I could not possibly forget my daughter Melissa’s birthday, either, an Oct. 25 American Bicentennial baby, or that of my eldest grandson, Colson, on Dec. 26. But, I reckon it’s nothing special to remember children’s birthdays. Don’t all parents?
Likewise, I don’t dare forget my Missouri bride’s Oct. 17 birthday, but I couldn’t tell you the birthdays of any of her three children, even after 23 years of calling them my own. I count on Martha to prompt me.
Similarly, I remember only two birthdays in the group of writers I shared pizza with at Nixa every Friday for more than a decade. Paul’s is Dec. 29, the day before mine, and Suzann’s was April 15 — tax day. The other folks were no less important, their birthdays just less memorable.

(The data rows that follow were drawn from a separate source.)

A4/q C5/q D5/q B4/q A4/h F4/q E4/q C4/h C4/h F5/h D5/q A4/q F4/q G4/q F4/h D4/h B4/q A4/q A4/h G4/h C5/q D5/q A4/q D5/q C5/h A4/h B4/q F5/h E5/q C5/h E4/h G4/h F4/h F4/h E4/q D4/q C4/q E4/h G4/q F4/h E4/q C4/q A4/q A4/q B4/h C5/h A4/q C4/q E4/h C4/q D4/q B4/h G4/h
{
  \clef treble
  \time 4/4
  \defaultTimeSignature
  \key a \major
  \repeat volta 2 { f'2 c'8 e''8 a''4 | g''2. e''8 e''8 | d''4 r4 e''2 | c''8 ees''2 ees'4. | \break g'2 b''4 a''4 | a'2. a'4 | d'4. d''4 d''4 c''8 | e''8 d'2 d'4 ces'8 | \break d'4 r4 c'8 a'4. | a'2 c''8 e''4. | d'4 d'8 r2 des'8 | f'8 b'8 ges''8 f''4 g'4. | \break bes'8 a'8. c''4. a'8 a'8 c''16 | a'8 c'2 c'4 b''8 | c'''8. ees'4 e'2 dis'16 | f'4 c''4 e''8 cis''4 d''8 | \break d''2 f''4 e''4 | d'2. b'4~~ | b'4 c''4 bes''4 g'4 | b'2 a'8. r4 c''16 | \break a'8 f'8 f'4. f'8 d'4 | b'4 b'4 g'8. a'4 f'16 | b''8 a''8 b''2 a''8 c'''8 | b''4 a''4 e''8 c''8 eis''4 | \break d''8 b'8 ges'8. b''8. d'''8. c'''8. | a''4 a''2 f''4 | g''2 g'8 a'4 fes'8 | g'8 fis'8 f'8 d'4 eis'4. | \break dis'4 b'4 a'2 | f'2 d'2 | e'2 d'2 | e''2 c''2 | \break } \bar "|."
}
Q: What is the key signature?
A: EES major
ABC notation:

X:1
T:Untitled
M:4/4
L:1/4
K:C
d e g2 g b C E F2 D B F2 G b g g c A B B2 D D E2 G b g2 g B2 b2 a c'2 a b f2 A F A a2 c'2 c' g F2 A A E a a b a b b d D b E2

So, what’s the point of this?
I guess I was just thinking about Dee. She was an important part of my life for more than 23 years and remains a part of me today. It’s the same with all loved ones and friends we’ve lost. Birthdays help us remember them.
It may be more important, though, to remember the birthdays of family and friends still with us. Everyone likes to be remembered, even if they say they don’t. I wish I were better at it, and not just within a day or two.
But, maybe that’s OK, too.
We all like to be remembered, birthday or not.